• _MATERIAL FOR THE TASK_
·····

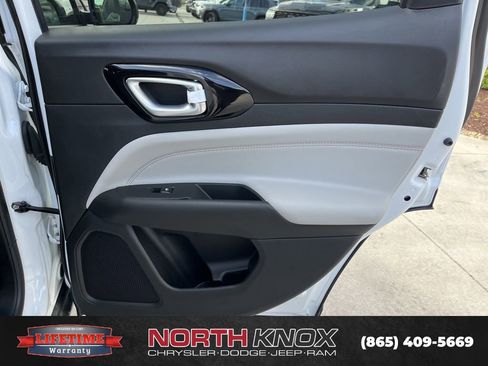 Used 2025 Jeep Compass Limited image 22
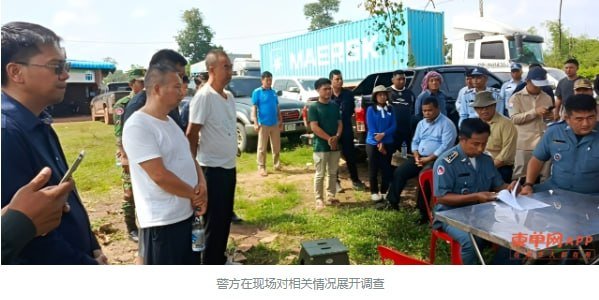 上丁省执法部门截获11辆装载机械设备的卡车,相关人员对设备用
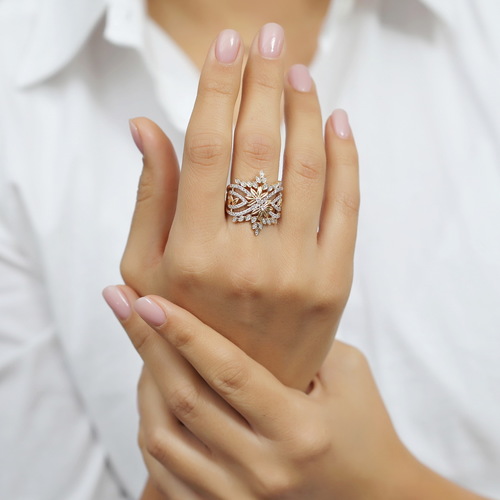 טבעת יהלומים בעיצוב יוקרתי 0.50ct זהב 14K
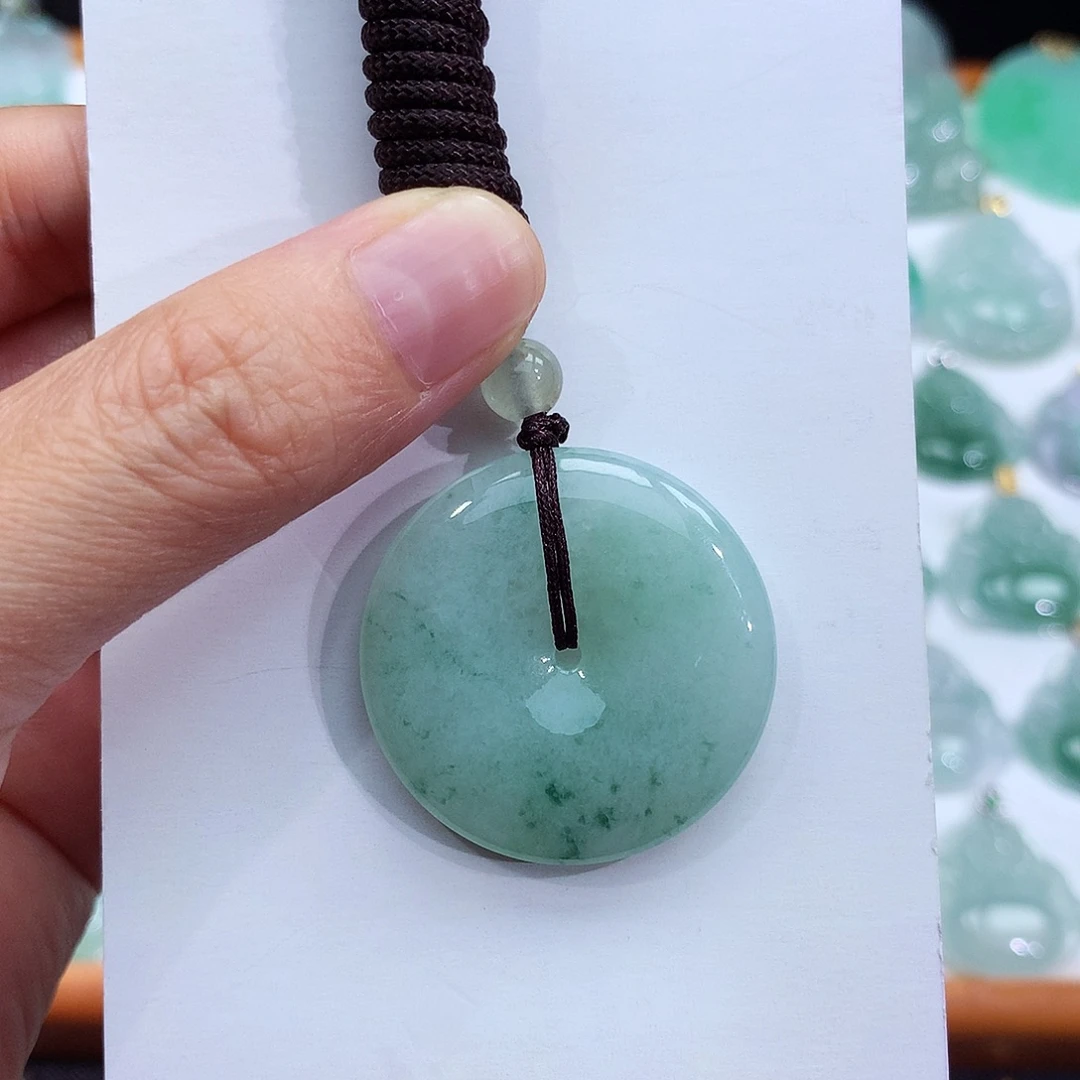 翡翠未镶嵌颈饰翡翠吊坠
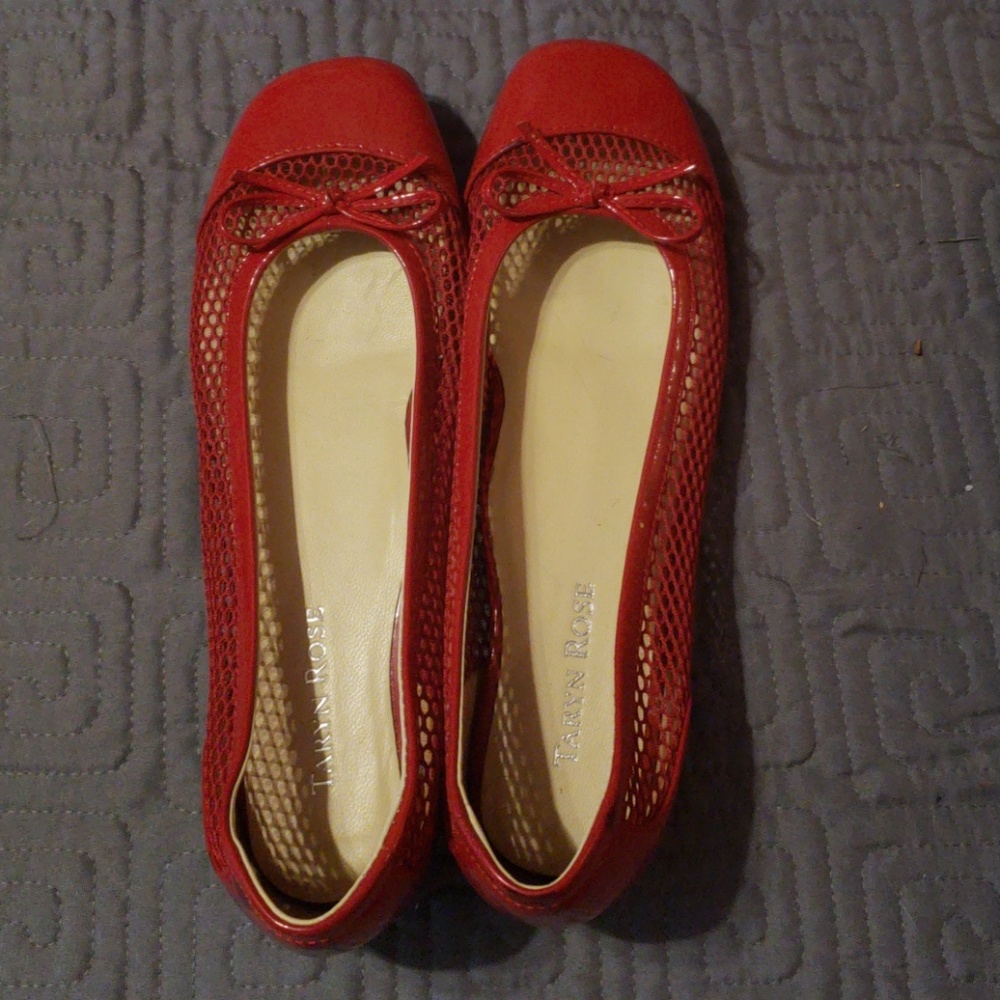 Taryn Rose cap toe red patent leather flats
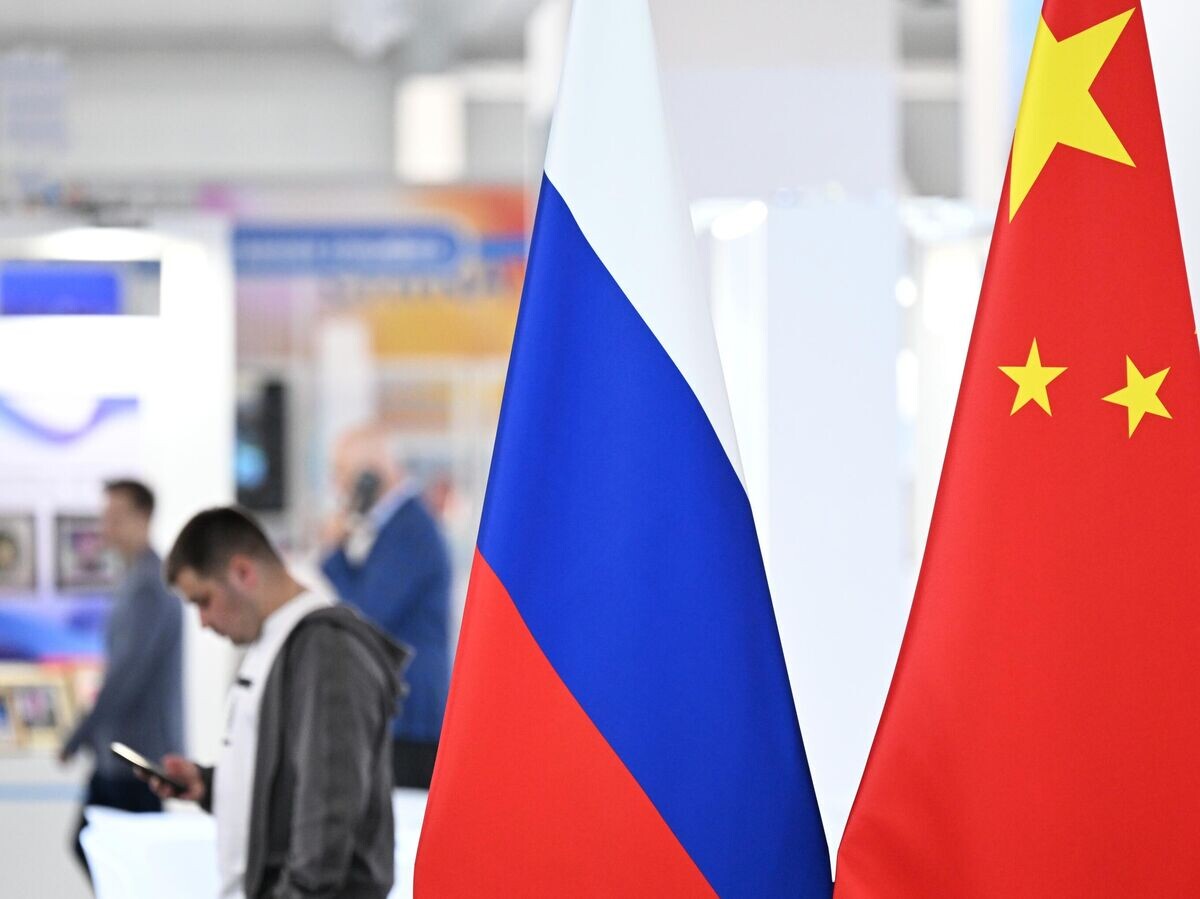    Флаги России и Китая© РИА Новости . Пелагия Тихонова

·····

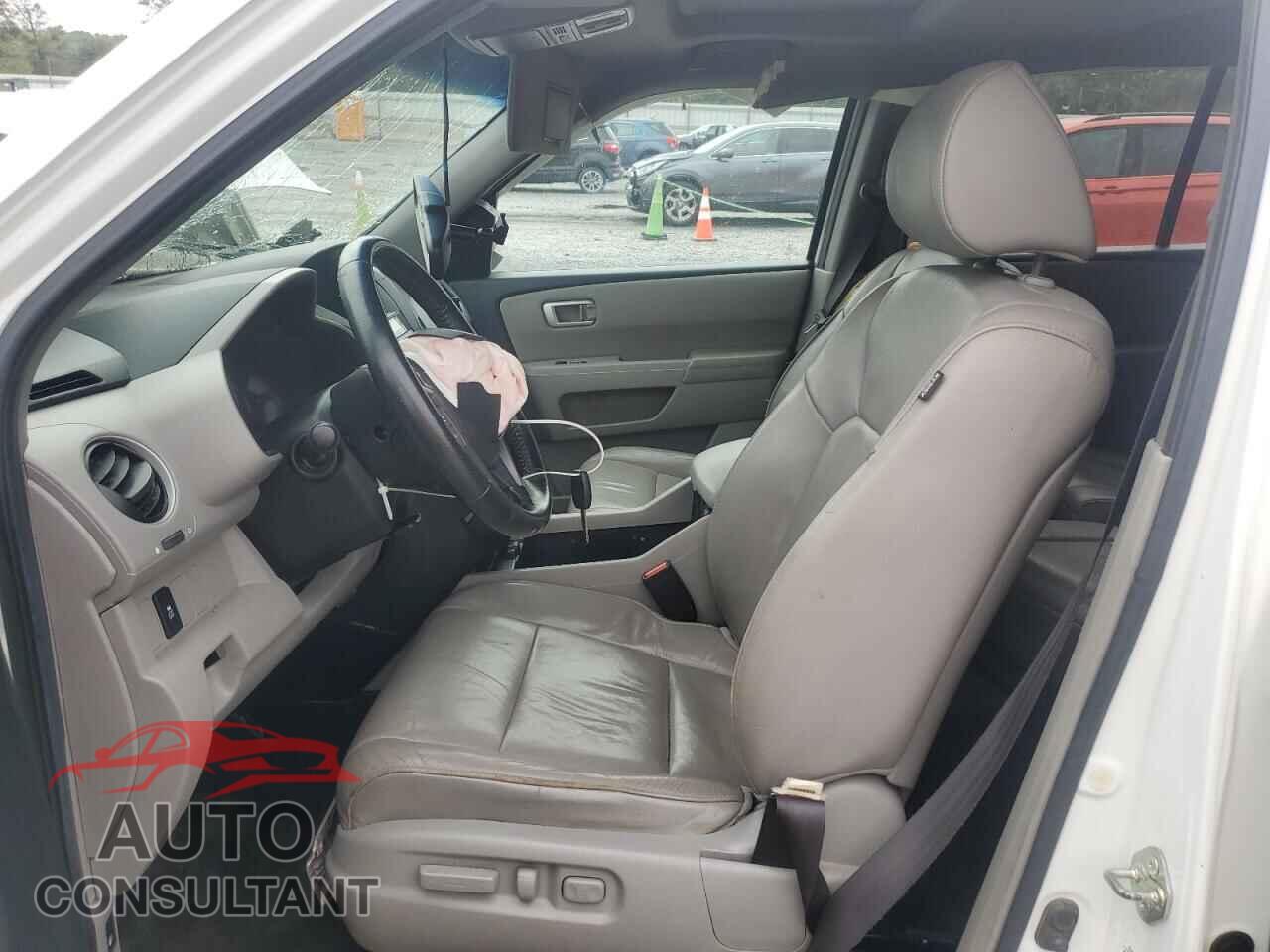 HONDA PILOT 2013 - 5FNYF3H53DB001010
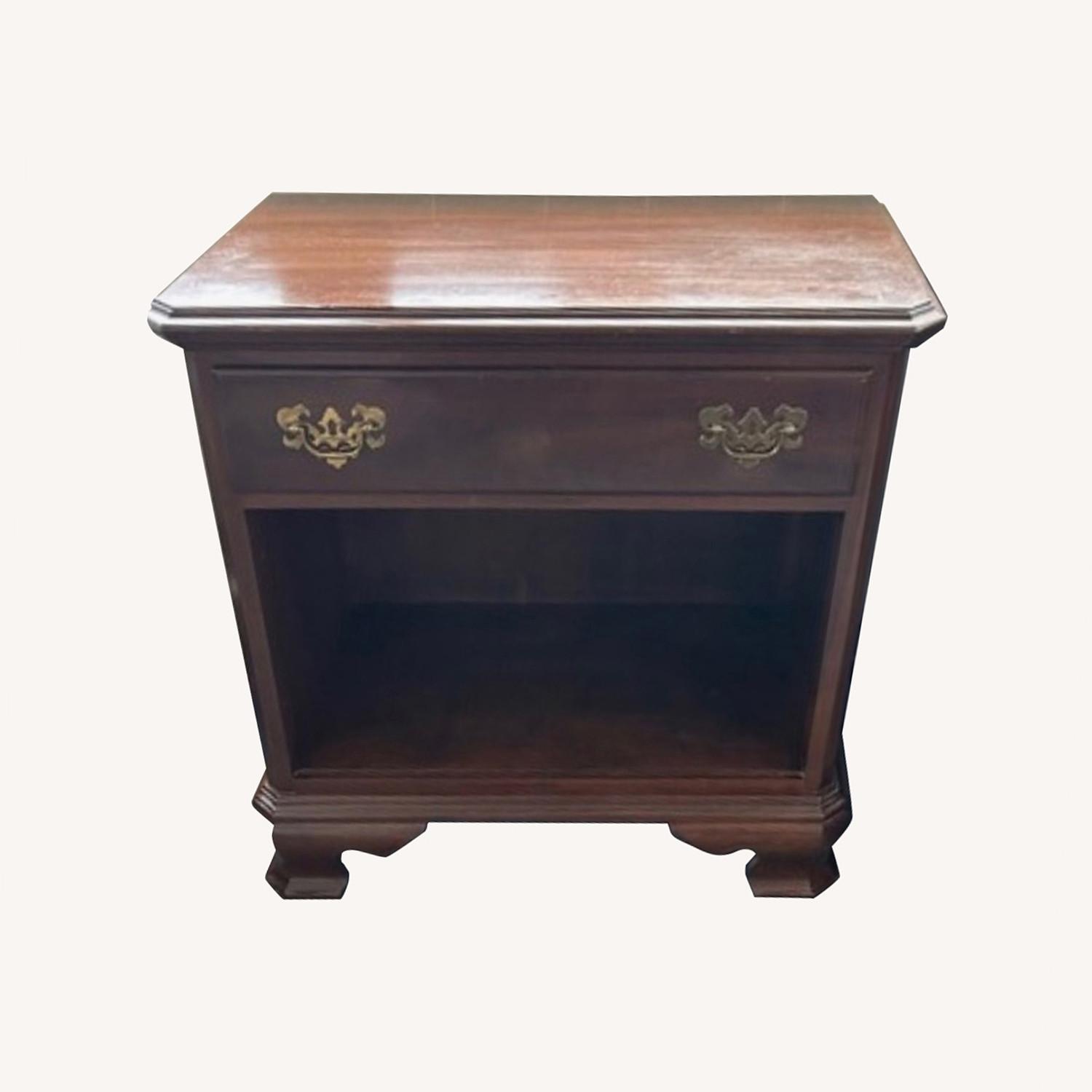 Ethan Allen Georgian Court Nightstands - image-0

·····

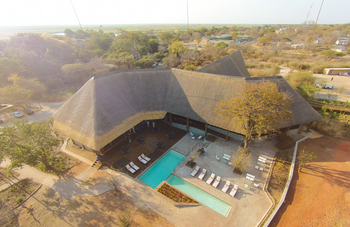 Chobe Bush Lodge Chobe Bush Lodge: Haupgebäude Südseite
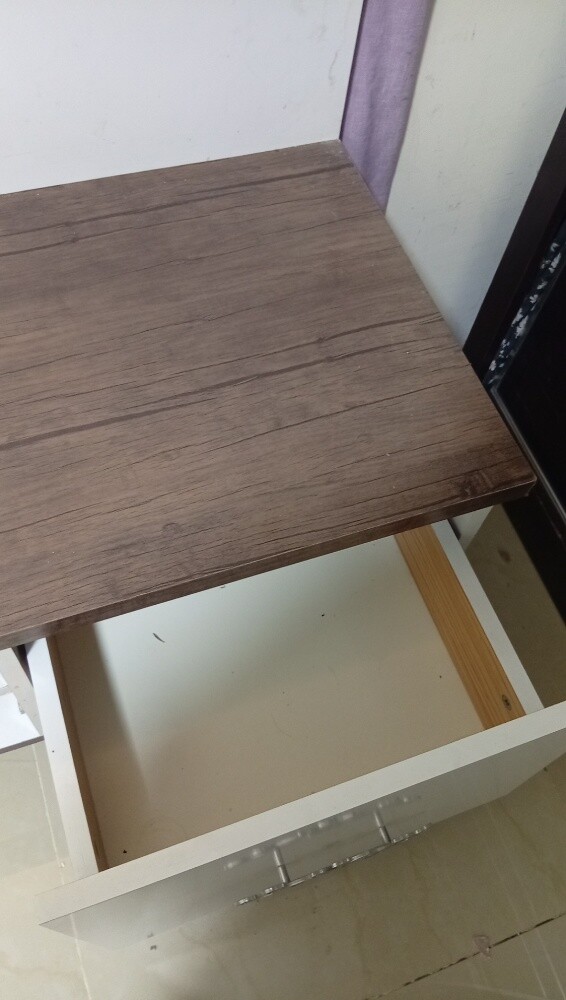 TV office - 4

·····

• _WORK REQUIRED_
Retype the lines above exactly as they appear, from the line containing "上丁省执法部门截获11辆装载机械设备的卡车,相关人员对设备用" through the line containing "Флаги России и", and leave out any pictures.

• _YOUR RESPONSE_
 上丁省执法部门截获11辆装载机械设备的卡车,相关人员对设备用
 טבעת יהלומים בעיצוב יוקרתי 0.50ct זהב 14K
 翡翠未镶嵌颈饰翡翠吊坠
 Taryn Rose cap toe red patent leather flats
    Флаги России и Китая© РИА Новости . Пелагия Тихонова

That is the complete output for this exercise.